The love language of gifts is about having tangible proof that you are seen. Gifts make you feel loved when they’re thoughtful, and this is true whether they’re gifts from others or yourself. When using this love language, it’s important to be intentional. Spending recklessly to make yourself feel better is not the same thing as buying yourself something that will bring you joy again and again.
- Invest in your health. How you spend your money reflects your values. Spending money on your health (whatever that looks like for you) demonstrates how much you care about your own wellbeing.
- Make a budget. This is not the most exciting idea, but it is impactful. When you know exactly where your money is going and where you want it to go, you can spend on yourself without guilt, knowing that you are living within your means.
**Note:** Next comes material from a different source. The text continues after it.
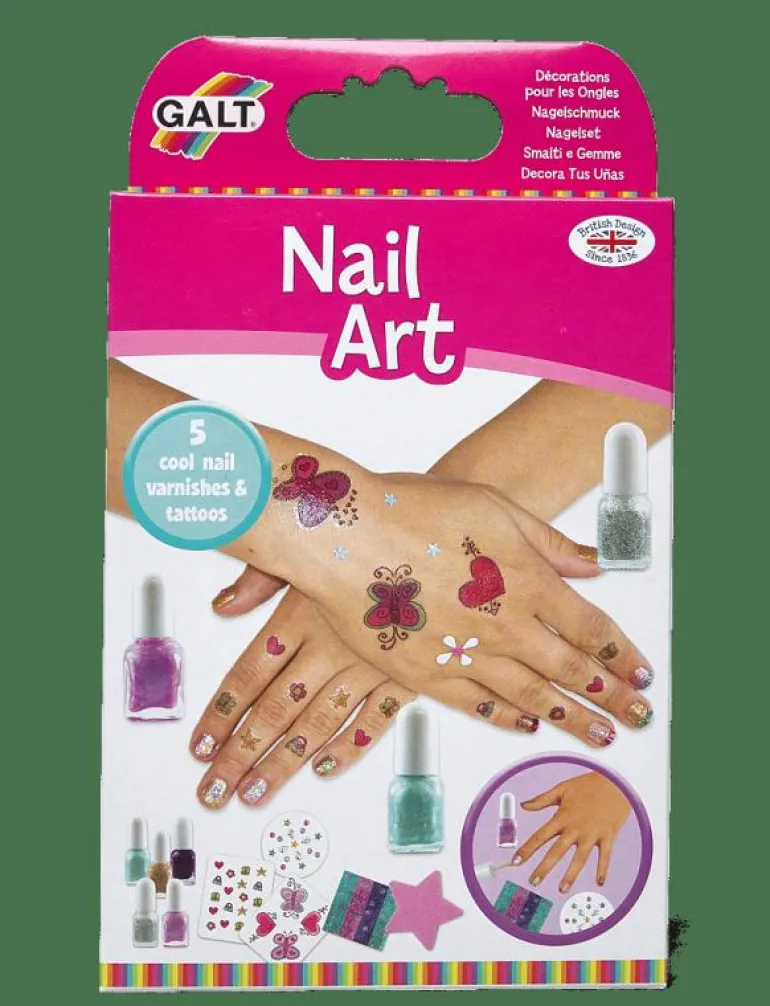 NAGELKONST - Tatueringar
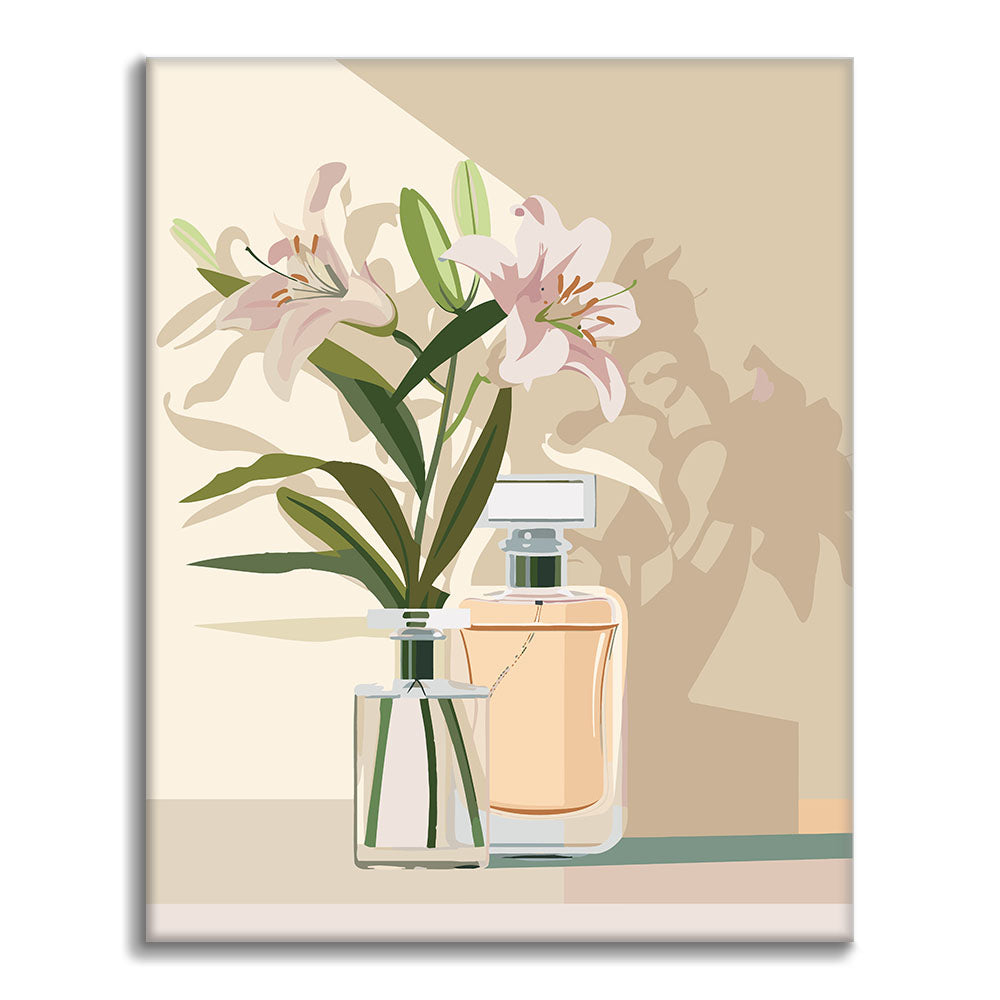 Fragrant Lily - Paint by Numbers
- Craft. You not only get a physical gift from crafting, you are also gifted the meditative and creative benefits of making something.
- Save for a vacation. Or to any other goal you have. Every time you save towards a goal, you are giving a wonderful gift to your future self.
Personally, I have had a lot of time to myself the last six months, and through this, I have come to truly understand the difference between quality time with yourself and simply being alone. When I am sitting and scrolling through social media, that’s not quality time, the same way it wouldn’t be if I was with someone else. Focus on activities that make you feel closer to yourself.
- Self-date night. You truly don’t need another person to go on a date. Make yourself dinner, light some candles, listen to your favorite music, and you don’t even have to share dessert.
- Pick up a new hobby. When you’re starting a new hobby, you get a lot of great quality time alone to learn.
- Meditate. If meditation isn’t your jam, try simply being mindful during another activity, like eating, dancing, or cooking.
- Schedule rest. It’s easy to get caught up in people-pleasing, to-do lists, and the need to be productive. Actively schedule time for rest so you can enjoy some stress-free time for yourself.